Following its acquisition of Quantum SFX at the tailend of the COVID-19 pandemic, Strictly FX has spent its maiden year in the UK investing in people, processes and technology. “We’ve been building our team from the ground up, investing in new equipment and preparing ourselves for another year of business,” Strictly FX UK COO, Shaun Barnett informed TPi as the dust settled on 365 days of providing special effects and pyrotechnics expertise throughout the continent.
Addressing the growing demand for pre-visualisation and rehearsal rooms post-pandemic, Strictly FX UK has unveiled a space where performers and creatives can build tours and projects together under one roof in West Acton – otherwise referred to as the “entertainment hub” of London by Barnett – a stones throw from LH2 Studios, Versa Studios, Black Island Studios, Neg Earth Lights, Colour Sound Experiment and ARRI Lighting, among others. “Special effects is always the last one invited to the party so we thought we’d change the narrative and have the party here,” Barnett said.
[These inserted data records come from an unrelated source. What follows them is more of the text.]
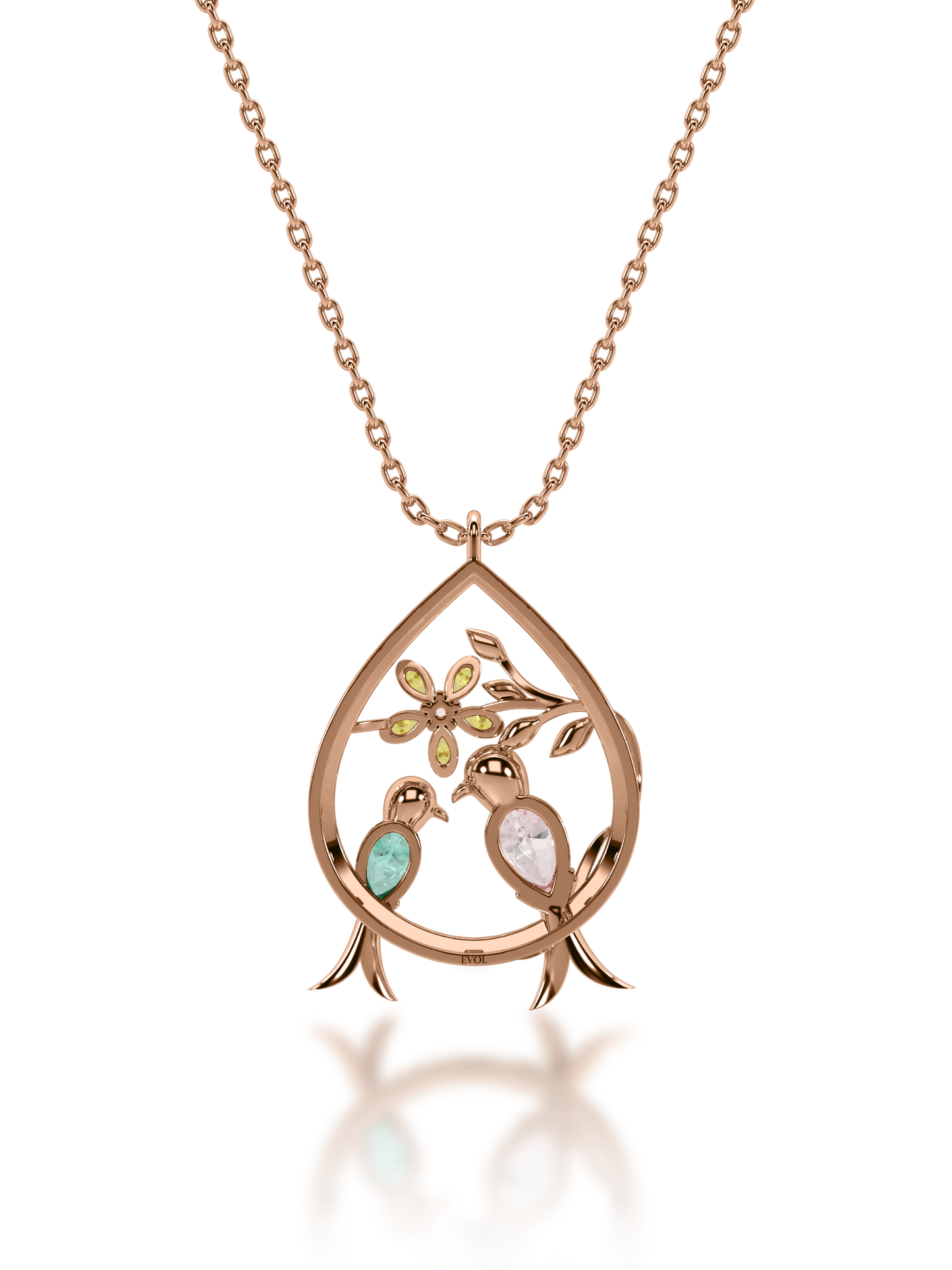 Bloom Pear Medallion Pendant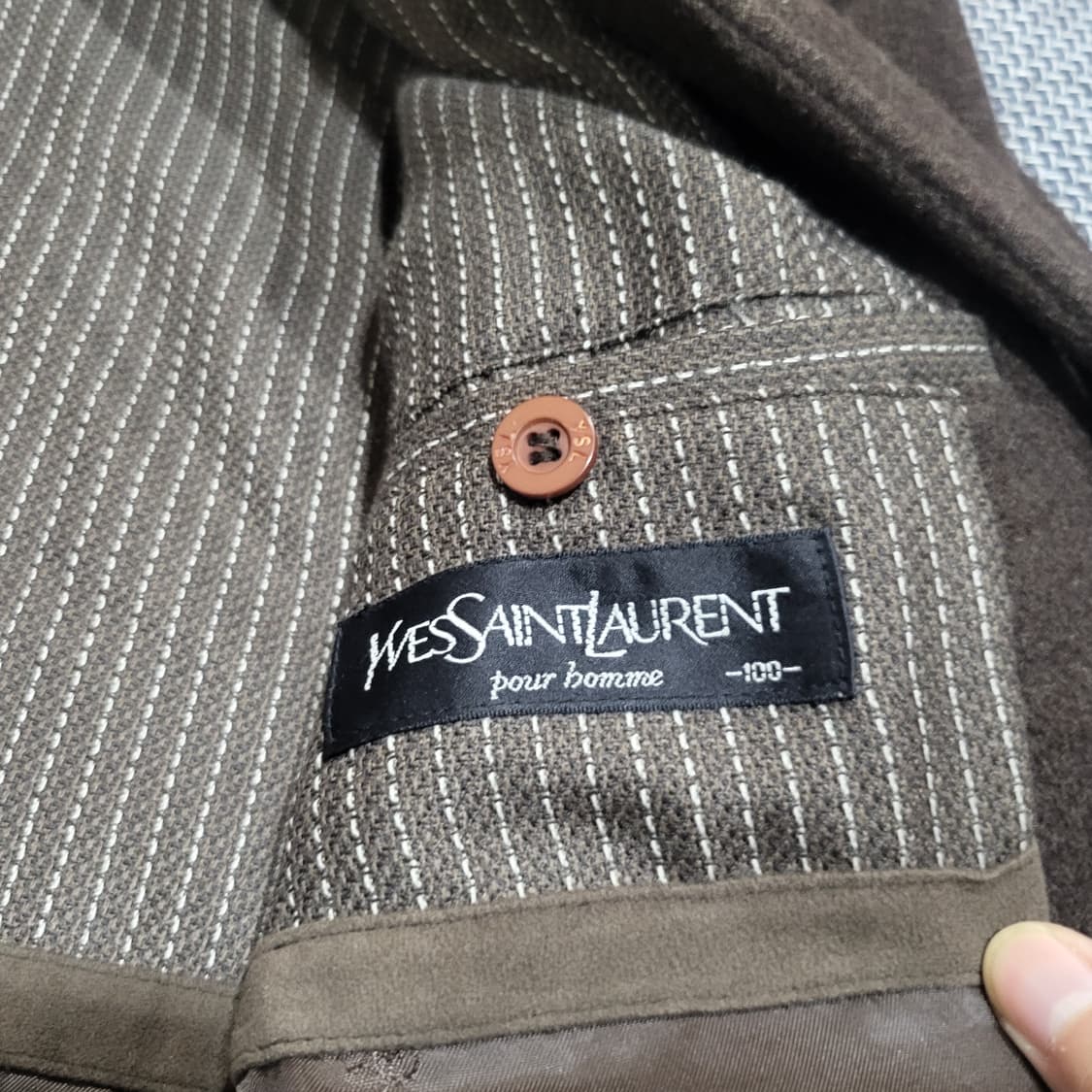 입생로랑 하프 코트 브라운 (100) 상품이미지4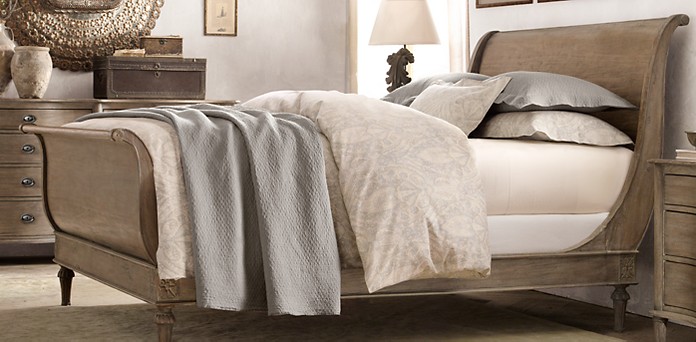 Empire Rosette Collection Antiqued Grey Rh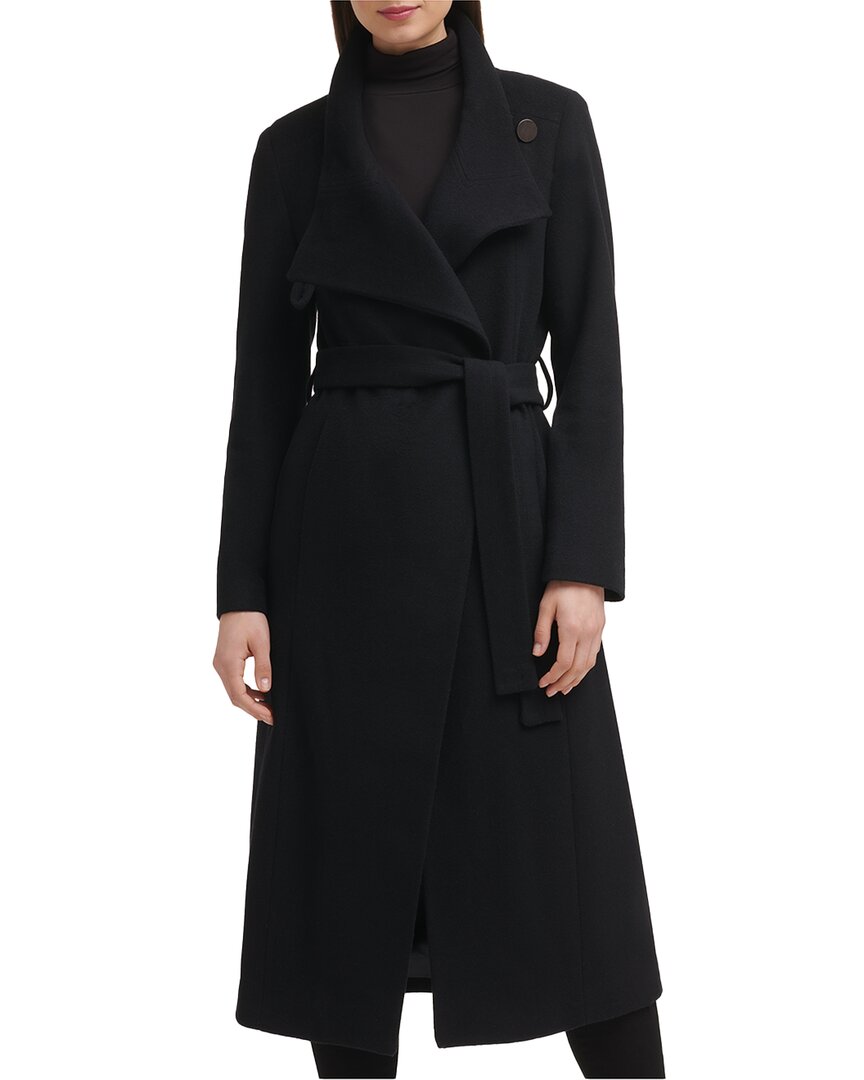 KENNETH COLE KENNETH COLE WOOL-BLEND BELTED MAXI COAT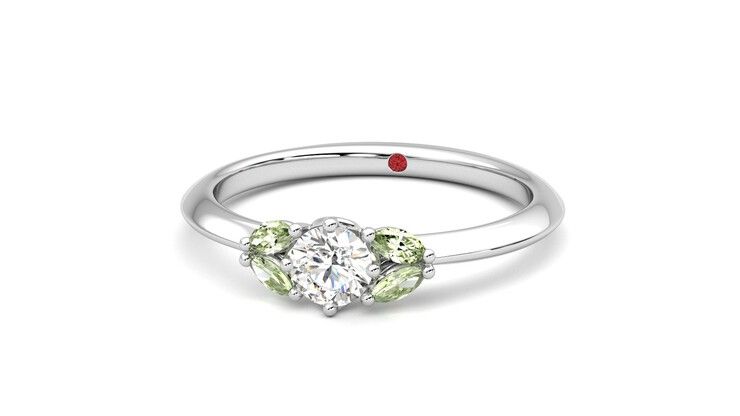Taylor & Hart Sonnet Ring Jewellery 360 degree image 27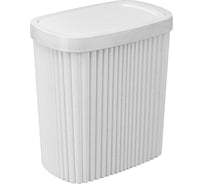 Настольный контейнер Econova VELVET 1.9 л, 160х100х172 мм, светло-серый флэк 435204438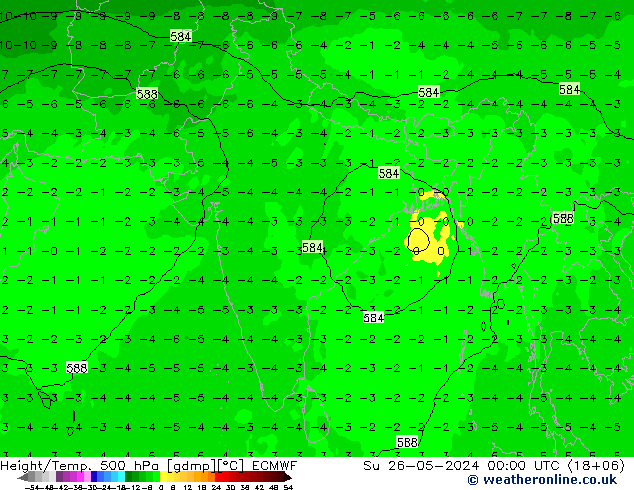 Z500/Regen(+SLP)/Z850 ECMWF zo 26.05.2024 00 UTC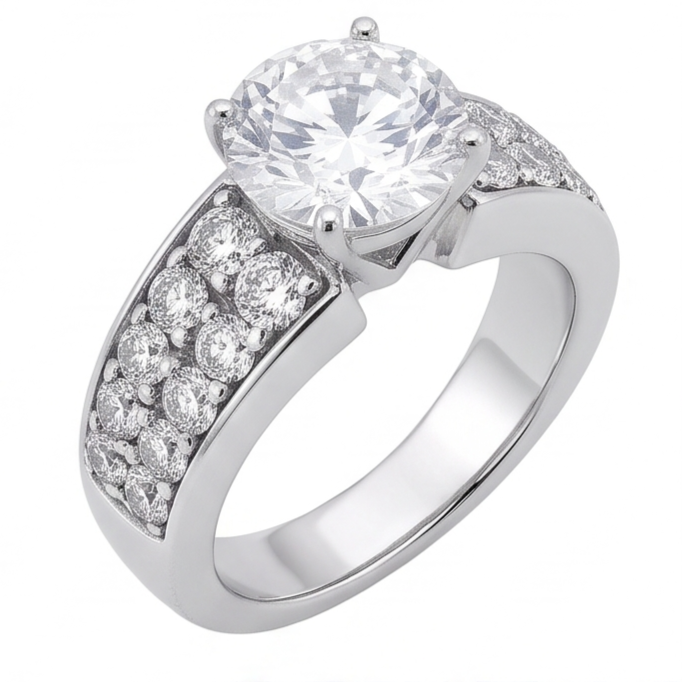 Echter Diamant Ring 2.75 Karat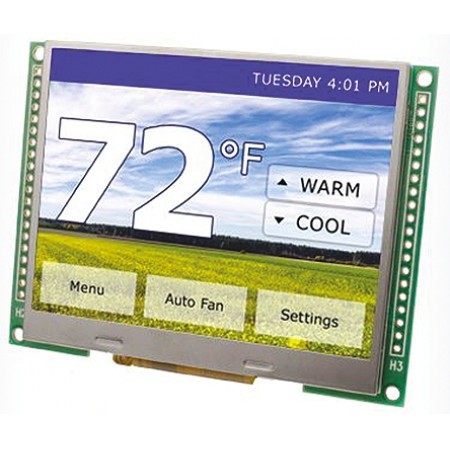 Displaytech 3.5in LED液晶屏, 320 x 240pixels, 8 数据总线接口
From render to reality, pre-visualisations can be churned out of two state-of-the-art studio pods in front of the eyes of clients and performing artists, and then built in real-time in the room next door. “This space is exactly how I envisaged it,” Barnett said. “We’ve got a ground support system with two tonne weight limits, so theoretically, you could build a mini rig for production designers to construct in real-time, as opposed to solely on screen.”
Over the past year, the space has been used for music video and film shoots, as well as a space for choreography. “Eventually, the rehearsal room and previsualisation suites will be interlinked with a camera and sound feeds in each pod and a live link, so prospective crews can communicate with each other, regardless of the room they’re in. We’ve got some LDs currently using the pre-vis suites, so we’ll see how it grows.”
The unit has also been used to train the next-generation of special effects and pyro crew chiefs, with in-house training sessions held for jobseekers from underprivileged backgrounds as well as Strictly FX’s company wide mission to employ more individuals from underrepresented gender and ethnic groups.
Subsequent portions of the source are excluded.